Este artigo, resumido, foi publicado na edição do dia 03 de agosto de 2018 do jornal O Estado de S. Paulo, pg. A2. [ https://opiniao.estadao.com.br/noticias/geral,o-estado-fraturado,70002428256 ]

Prof. Denis Rosenfield (Foto: Zero Hora  / fundação Astrojildo Pereira)

A obra recentemente publicada  por Denis Rosenfield (O Estado fraturado - Reflexões sobre a autoridade, a democracia e a violência. Rio de Janeiro: Topbooks, 2018, 273 p.) é um balanço feito à luz da filosofia política e da sociologia, do drama vivido pelo Estado brasileiro nas últimas décadas, notadamente após o ciclo lulo-petista (2003-2016) que praticamente desmontou as instituições republicanas numa maré de corrupção, fisiologismo, infiltração ideológica marxista leninista e compadrio. A obra do professor Rosenfield analisa criticamente o momento mencionado, alargando a sua visão para as reformas que os Estados europeus sofreram ao longo do século XX, centrando a atenção na saga que a social-democracia percorreu nesse século. Em quatro capítulos (I - Democracia e autoridade, II - Autoridade estatal e retórica, III - O Positivismo e a política científica) e uma conclusão (A questão democrática) o autor desenvolve uma análise crítica e historiográfica que joga luz sobre os atuais momentos de perplexidade que se abatem sobre a Nação brasileira.

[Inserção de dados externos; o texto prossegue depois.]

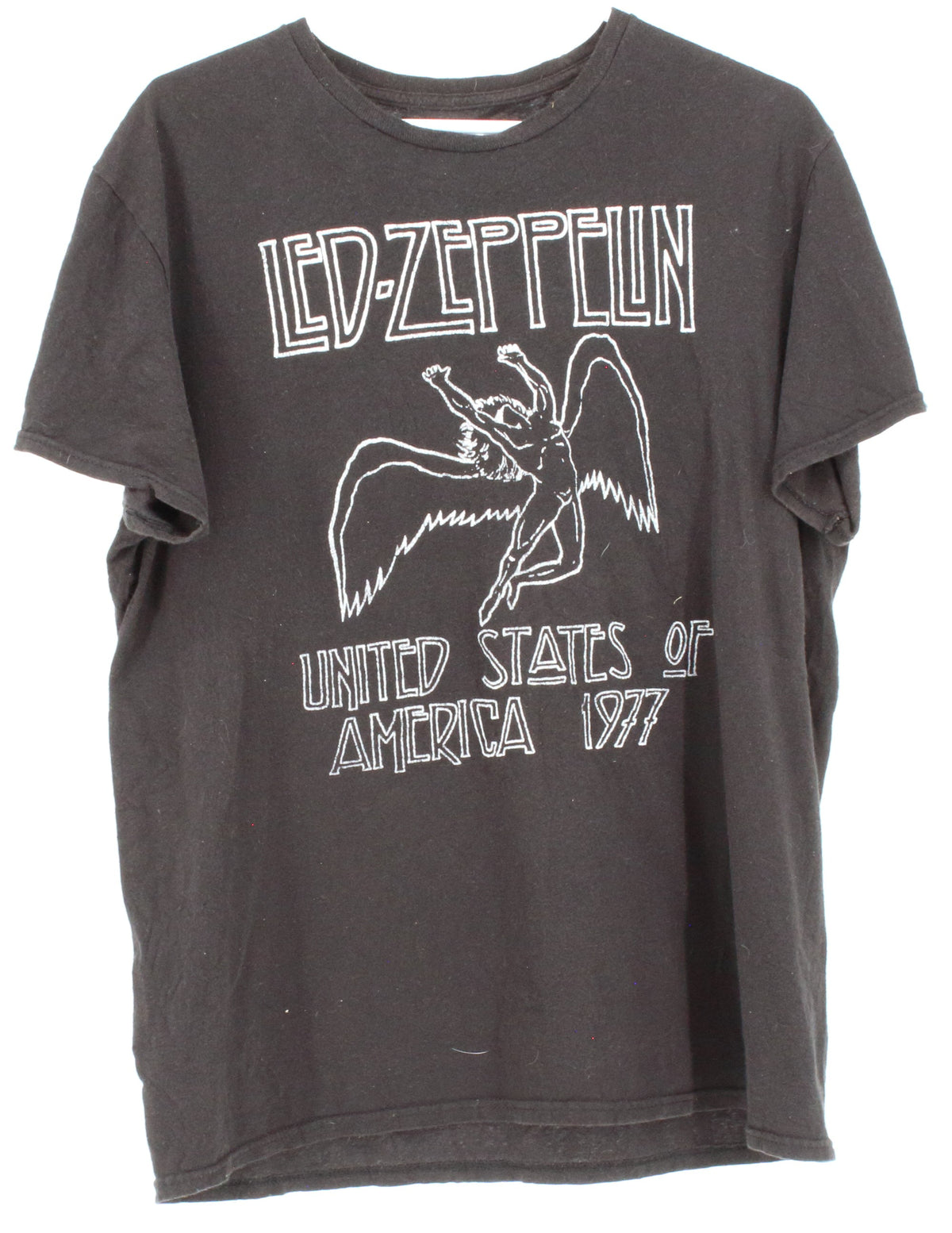 Led Zeppelin USA 1977 Front Graphic Print Black Band T-Shirt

É deveras dramática a situação de anomia vivida pelo Estado brasileiro após o ciclo lulopetista. Tal situação é assim caracterizada pelo autor: "O resultado é evidente: a dissolução da autoridade pública e o enfraquecimento do Estado Democrático de Direito. Ou seja, em nome da democracia e dos direitos humanos, a própria democracia e os direitos humanos são pervertidos. A autoridade pública, por sua vez, vem a ser identificada ao exercício arbitrário da força. A violência fica franqueada aos particulares que não estão mais obrigados a seguir nenhuma lei, enquanto o Estado deve renunciar ao monopólio do exercício da força. Chega-se, paradoxalmente, a uma situação em que policiais não podem reprimir e juízes não podem punir. Criam-se, assim, condições de dissolução do Estado e, por via de consequência, da democracia. O próximo passo é a própria captura do Estado pelo crime organizado, seja em suas formas políticas,  seja em suas formas propriamente criminosas, como é o caso do Rio de Janeiro"(p. 29).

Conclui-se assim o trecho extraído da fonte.